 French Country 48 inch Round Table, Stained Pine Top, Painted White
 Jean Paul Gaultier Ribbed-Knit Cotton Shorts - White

══════

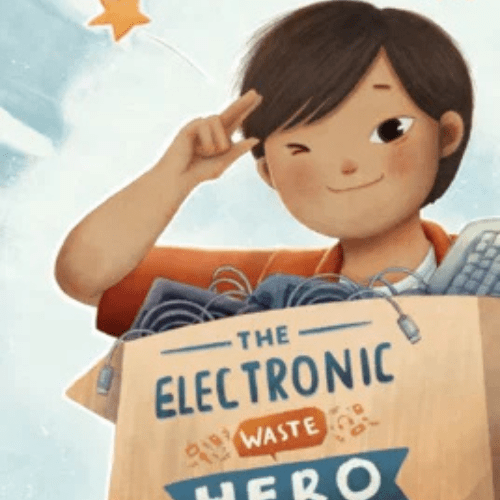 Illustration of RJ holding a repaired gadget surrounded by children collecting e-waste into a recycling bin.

══════

From the records above, quote only the lines running from the line with "French Country 48" to the line with "Jean Paul Gaultier", both lines included.

**Solution to the problem**
 French Country 48 inch Round Table, Stained Pine Top, Painted White
 Jean Paul Gaultier Ribbed-Knit Cotton Shorts - White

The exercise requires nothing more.